Early on Ash Wednesday morning, I found myself in a restaurant, waiting for a friend I was meeting for breakfast, when I happened to overhear this conversation: three men were sitting in the booth next to me when a fourth man joined them. As he sat down, the others greeted him and then began to tease him, saying, “Hey! You’ve got a smudge over your eye!” And “What’s the matter – you get up too late to take a shower?” And “Don’t tell me you’ve been out working already this morning!”

Soon, though, the talk turned, and one of the men quietly said, “No, I know what that is … it’s the sign of the cross, the ashes on your forehead. I went home and washed mine off before coming down here to breakfast.”

When you think about it, isn’t that the problem with Lent? We all have to decide what we will do with the cross. We have to decide whether we will wash it off – wipe it away – or wear it, in more ways than one!

And Jesus only makes matters worse for us this morning, with all his talk about suffering and death. Jesus seems to be suggesting that we all need to figure out what to do with the cross, because there is no escaping it, if we want to follow him.

So we can understand Peter’s confusion this morning. We understand feeling that the cross is a rather risky proposition to embrace. And starting the Gospel lesson with verse 31 is a bit jarring, because we are beginning in the middle of a story. There was a woman in the first church I served who used to do that all the time. She would come up to me and tell me the most outrageous things, or share some deeply felt emotions. And I would not have a clue what she was talking about until I could squeeze in edgewise, “Polly, slow down … start at the beginning, please!”

Just like Polly, we might need to slow down, and start at the beginning. Because it helps to know what came before today’s text. Just a few verses earlier, Jesus asked his disciples, “Who do people say I am?” And then he asked them, “But who do you say that I am?” And Peter, characteristically, answers for all of them when he says, “You are the Christ, the Messiah!”

That is where we enter the action today, with Jesus explaining what it means for him to be the Christ, to be the Messiah. He says it means great suffering. And it means rejection. And it means death – his death. Before Jesus gets to the really good part, the Easter part of the story, Peter clearly has quit listening. Peter’s brain is screaming “NOOOOOOO!” Not Jesus, not the Messiah, not the Christ … how can suffering and death possibly be a part of the pathway into life?

I have to admit, when I go to the doctor, or the dentist, or the Department of Motor Vehicles – any place I am likely to have to wait awhile – I sometimes forget to bring along reading material, which places me at the mercy of whatever is in the waiting room. That is why I can say I have actually read “Popular Mechanics”, that is why I have perused “Field and Stream” (at least once or twice). Not too long ago, it was Readers’ Digest I picked up in the waiting room, where I found this little story. A woman writes:

When my sister-in-law Ginny cooks, she likes to substitute ingredients for those in the recipe. One time I gave her the recipe for a chicken and walnuts dish that her husband (my brother) likes, and she served it when I was there for dinner.
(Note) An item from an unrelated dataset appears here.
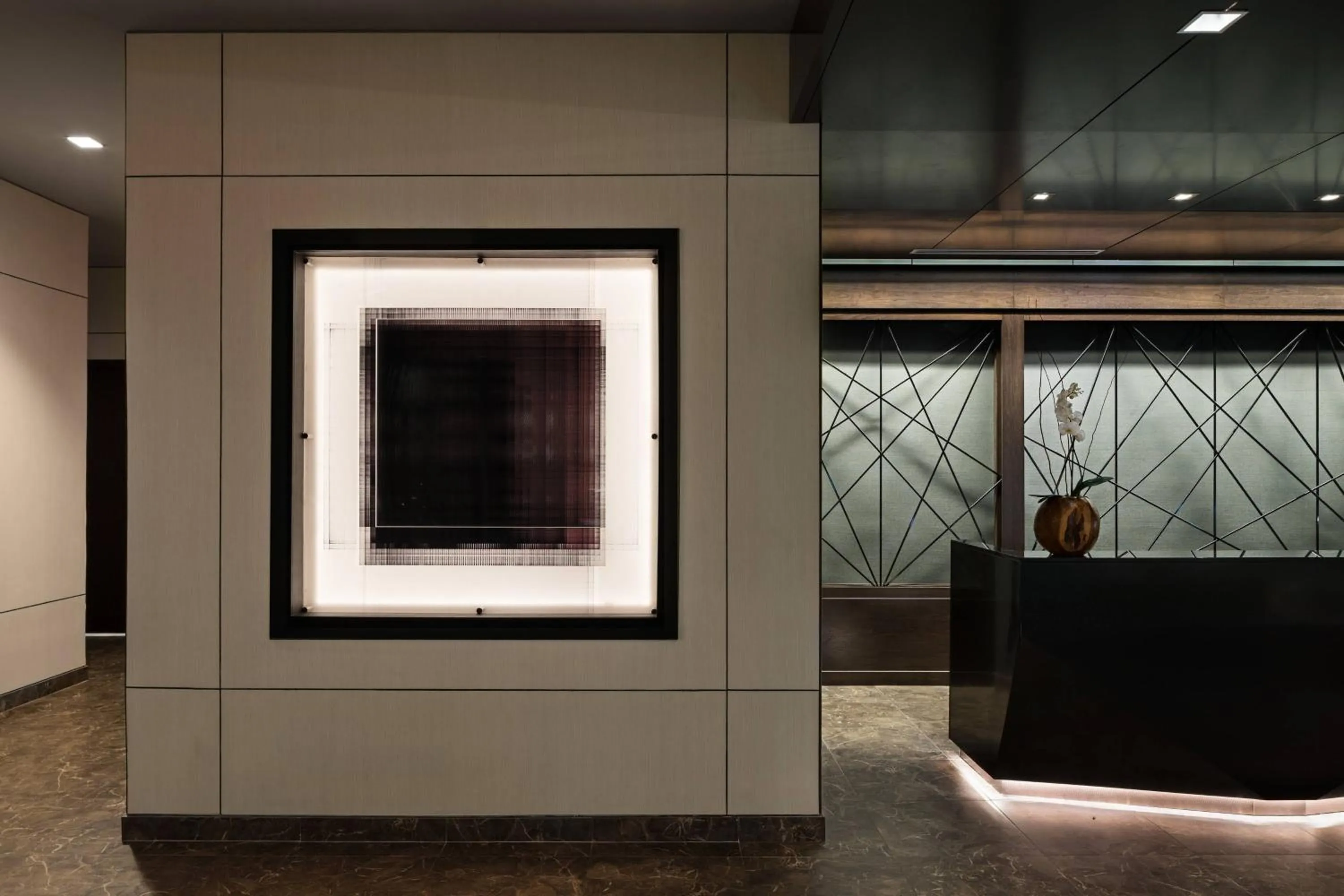 Lobby or reception in AC Hotel by Marriott Gainesville Downtown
In place of walnuts, Ginny used raw peanuts. And for chicken, she substituted beef. In fact, every major ingredient had been replaced. “This is terrible!” my brother said after one bite. Ginny glared across the table at me and said, “Don’t blame me! It’s your sister’s recipe!”

In the Gospel lesson today, Jesus is offering us a recipe to find the pathway into life. It is really very simple and pretty straightforward. Love your life? Lose your life. Someone else put it this way, “If we try to save our lives in some self-centered way, we will surely lose our lives. We cannot preserve this life with prestige, possessions, addictions, or even with our perfectionism. That all backfires.”

So we need to listen then to the other half of the recipe … Lose your life for the sake of Christ’s Gospel, and then you will save your life. It is in losing our agenda, in giving up our illusions of control, and simplifying our desires, that we find our true identity and recognize the true purpose for our lives. It is not that nothing will be lost on the pathway into life. It is simply that something far more valuable and far more important will be gained.

Following Jesus leads us onto the Pathway into Life – but only when we resist the temptation to change the recipe for discipleship. G.K. Chesterton once said that Christianity has not been tried and found wanting …Christianity has been tried and found difficult, and then has been abandoned by most.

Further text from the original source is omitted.